Intel (NASDAQ:INTC) is trying to make a mountain out of a mole hill – trying to place the company's ill-conceived Atom chip in every conceivable market to validate its existence to shareholders. Now according to Bloomberg, Anand Chandrasekher, who lead the chipmaker’s faltering attempt to get into the mobile-phone market, has resigned from the company.
Atom got off to a rocky start with Intel. The company correctly positioned the processor in the nascent netbook market. I noted back in January 8, 2009, in a Seeking Alpha article that Intel lost as much a $1 billion misjudging the success of the netbook and switching production from more lucrative notebook chips like the Penryn to make up for a shortfall in Atom chips.
Much of the ballyhoo in the netbook debate over market growth and Atom versus ARM Holdings (NASDAQ:ARMH) processors is history. The netbook market is dead. Out of the ashes came the media tablet. The debate between Atom and ARM has now merely been moved to a different platform.
Atom held a dominate market position for the netbook because it could compute intensive tasks such as MS Office functions using Microsoft Windows software. ARM was delegated primarily to Internet surfing and apps. With the netbook market dead, the problem for Intel is that consumers are not purchasing the media tablet as a lower cost, more portable netbook to tote around. They are buying it for surfing the web and Internet apps.
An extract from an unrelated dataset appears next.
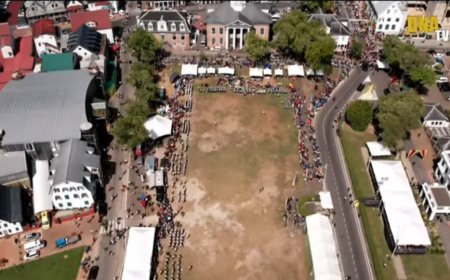 Viering 50 jaar Staatkundige Onafhankelijkheid in zandbak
Now comes a major blow to Intel’s dreams of its Atom – Windows 8 will run on ARM. While Windows CE supported ARM devices, it offered lackluster performance. Microsoft’s (NASDAQ:MSFT) Windows 8 move is likely due to the market momentum of Google’s (NASDAQ:GOOG) Android. So, for any media tablet owner who does want to do computer intensive tasks, Windows 8 on ARM offers a viable opportunity.
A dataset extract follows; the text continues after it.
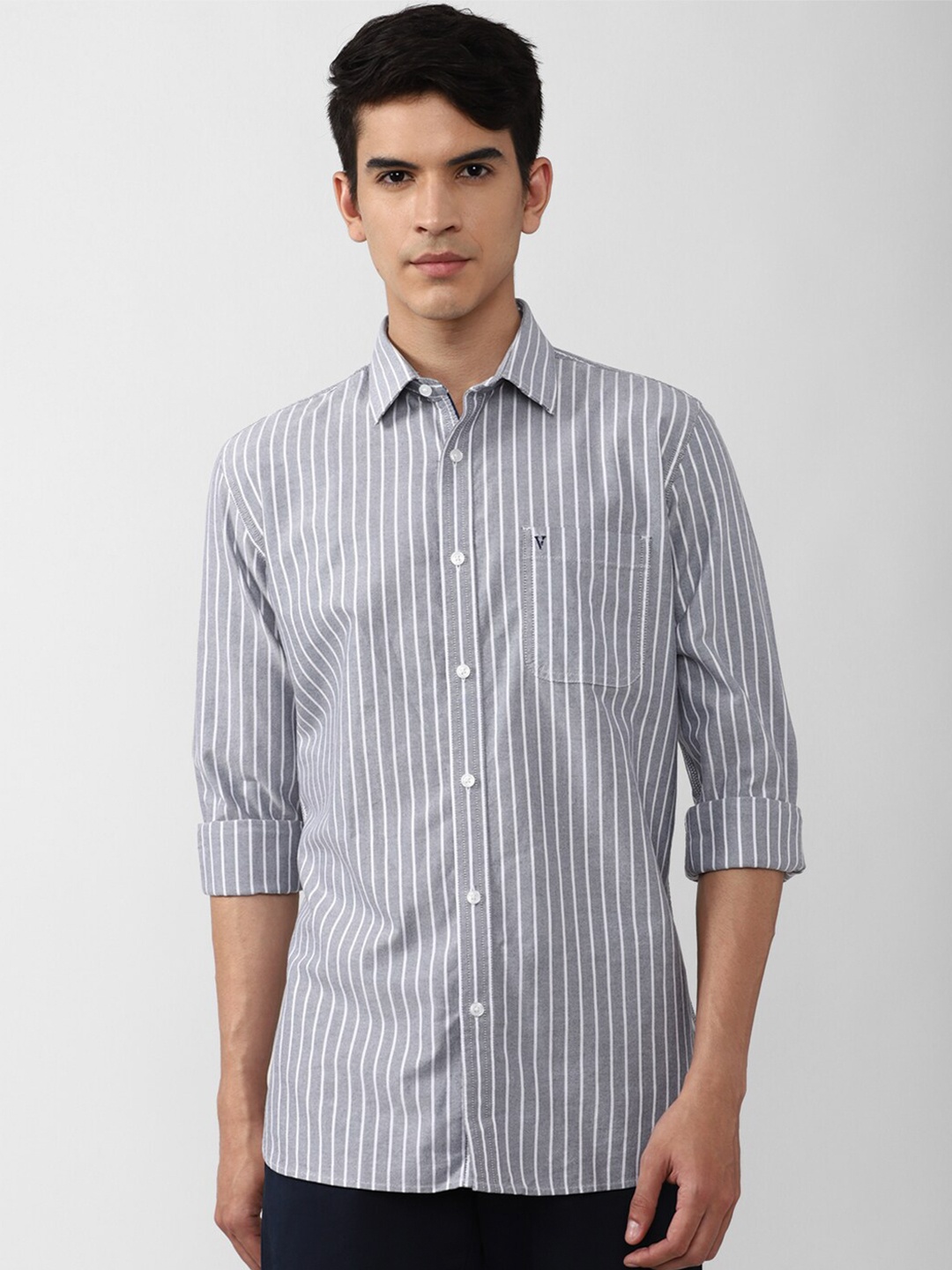 

Van Heusen Sport Men Grey Slim Fit Striped Pure Cotton Casual Shirt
The resignation of Anand Chandrasekher is due to Intel’s belief that it will compete successfully against ARM in the smartphone market. The problem is ARM owns the Mobile Internet Device space. They own 95% of the mobile phone market and 85% of the smartphone market in unit shipments. ARM processors are being manufactured in the best semiconductor facilities. Companies that are currently or formerly ARM licensees include Alcatel (ALU), Atmel (NASDAQ:ATML), Broadcom (BRCM), Cirrus Logic (NASDAQ:CRUS), Digital Equipment Corporation, Freescale, Intel (through DEC), LG Group, Marvell Technology Group (NASDAQ:MRVL), NEC, NVIDIA (NASDAQ:NVDA), NXP (previously Philips), Oki, Qualcomm (NASDAQ:QCOM), Samsung (OTC:SSNLF), Sharp (OTCPK:SHCAY), ST Microelectronics (NYSE:STM), Symbios Logic, Texas Instruments (NASDAQ:TXN), TSMC, VLSI Technology, Yamaha (OTCQX:YAMCY) and ZiiLABS.
Intel continues to pour money into the Atom. Intel announced last month it will spend $5 billion on a new fab in Oregon, to make 14-nanometer chips – smaller chips to compete against ARM chips already smaller and already dominating the same market Intel is going after.
Now Intel wants to stick its Atom in computer servers. ARM rolled out its A15 core in 2010 with enhanced memory support for servers and networking gear. To me it makes sense, because high- performance servers require increasingly power-hungry processors – namely Intel Xeon processors. Even though these operate at 20 watts, the Atom-based server will operate at under 10 watts. That’s great if you are a data center. But what does that do for Intel. An ARM-based server from startup Calxeda is expected to operate at only 5 watts. More importantly, the price tag of an Atom is well below $100 each while the price of its 20 watt e3-1220l server processor is about $300 each.
I said in an October 2, 2009, Seeking Alpha post, “Intel Facing a Formidable Foe in ARM,” that Intel needs to buy ARM Holdings as the only solution to being a dominant player in the mobile market. Intel keeps skirting the issue. It purchased Infineon for $1.4 billion last year because Infineon’s chips are used in smartphones. Even more interesting, Intel’s acquiring Infineon’s business came four years after selling its ARM business to Marvell (MRVL), another misfire.
It’s not clear what the purchase price of ARM would be, but the $5 billion spent by Intel on a new fab to build chips to compete against ARM would probably do the trick. Intel doesn’t have much time. Once Windows 8 comes out, it will put the company further behind.
Disclosure: I have no positions in any stocks mentioned, and no plans to initiate any positions within the next 72 hours.